Exercise details: Take each line of the listing that has the string "Marco" and report it.

-------

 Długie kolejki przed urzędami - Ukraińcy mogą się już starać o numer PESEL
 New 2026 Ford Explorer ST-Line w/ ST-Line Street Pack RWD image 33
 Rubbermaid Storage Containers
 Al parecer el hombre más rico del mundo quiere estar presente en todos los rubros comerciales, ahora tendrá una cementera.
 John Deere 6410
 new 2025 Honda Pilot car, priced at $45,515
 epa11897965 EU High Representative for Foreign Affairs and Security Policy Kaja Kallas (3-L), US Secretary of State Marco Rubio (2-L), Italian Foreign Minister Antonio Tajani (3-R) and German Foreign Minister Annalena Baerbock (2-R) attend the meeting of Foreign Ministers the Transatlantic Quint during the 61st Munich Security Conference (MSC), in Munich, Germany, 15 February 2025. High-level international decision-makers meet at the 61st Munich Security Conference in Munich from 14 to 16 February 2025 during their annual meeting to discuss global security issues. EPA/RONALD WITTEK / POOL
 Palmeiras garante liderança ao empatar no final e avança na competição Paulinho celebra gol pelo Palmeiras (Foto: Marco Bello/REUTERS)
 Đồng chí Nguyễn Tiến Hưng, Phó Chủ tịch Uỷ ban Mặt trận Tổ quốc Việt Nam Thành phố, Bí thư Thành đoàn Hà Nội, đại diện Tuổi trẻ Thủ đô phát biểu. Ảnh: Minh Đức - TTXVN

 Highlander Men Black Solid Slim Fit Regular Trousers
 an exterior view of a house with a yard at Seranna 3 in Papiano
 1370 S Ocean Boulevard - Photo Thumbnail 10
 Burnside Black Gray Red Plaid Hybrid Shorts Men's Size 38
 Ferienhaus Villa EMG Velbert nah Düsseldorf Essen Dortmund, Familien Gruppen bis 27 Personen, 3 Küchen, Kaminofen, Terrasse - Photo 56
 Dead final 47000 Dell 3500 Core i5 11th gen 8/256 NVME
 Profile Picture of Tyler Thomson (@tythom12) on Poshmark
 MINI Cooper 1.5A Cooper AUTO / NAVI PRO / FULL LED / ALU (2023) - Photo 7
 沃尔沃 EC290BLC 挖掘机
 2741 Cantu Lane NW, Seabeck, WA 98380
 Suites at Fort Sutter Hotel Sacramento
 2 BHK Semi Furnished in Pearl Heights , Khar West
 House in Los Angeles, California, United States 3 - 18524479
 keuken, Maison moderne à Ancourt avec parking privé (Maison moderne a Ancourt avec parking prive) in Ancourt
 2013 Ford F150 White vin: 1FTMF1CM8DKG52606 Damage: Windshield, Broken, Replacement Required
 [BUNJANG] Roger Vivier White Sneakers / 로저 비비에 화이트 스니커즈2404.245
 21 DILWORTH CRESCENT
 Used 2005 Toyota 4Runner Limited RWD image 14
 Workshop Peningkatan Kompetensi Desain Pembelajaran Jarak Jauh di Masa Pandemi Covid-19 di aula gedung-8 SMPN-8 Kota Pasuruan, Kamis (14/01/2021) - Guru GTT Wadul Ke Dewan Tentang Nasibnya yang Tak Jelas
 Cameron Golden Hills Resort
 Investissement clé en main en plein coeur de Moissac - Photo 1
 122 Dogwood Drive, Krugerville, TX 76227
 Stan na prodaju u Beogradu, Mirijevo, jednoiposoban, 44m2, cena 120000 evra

-------

Task answer:
 epa11897965 EU High Representative for Foreign Affairs and Security Policy Kaja Kallas (3-L), US Secretary of State Marco Rubio (2-L), Italian Foreign Minister Antonio Tajani (3-R) and German Foreign Minister Annalena Baerbock (2-R) attend the meeting of Foreign Ministers the Transatlantic Quint during the 61st Munich Security Conference (MSC), in Munich, Germany, 15 February 2025. High-level international decision-makers meet at the 61st Munich Security Conference in Munich from 14 to 16 February 2025 during their annual meeting to discuss global security issues. EPA/RONALD WITTEK / POOL
 Palmeiras garante liderança ao empatar no final e avança na competição Paulinho celebra gol pelo Palmeiras (Foto: Marco Bello/REUTERS)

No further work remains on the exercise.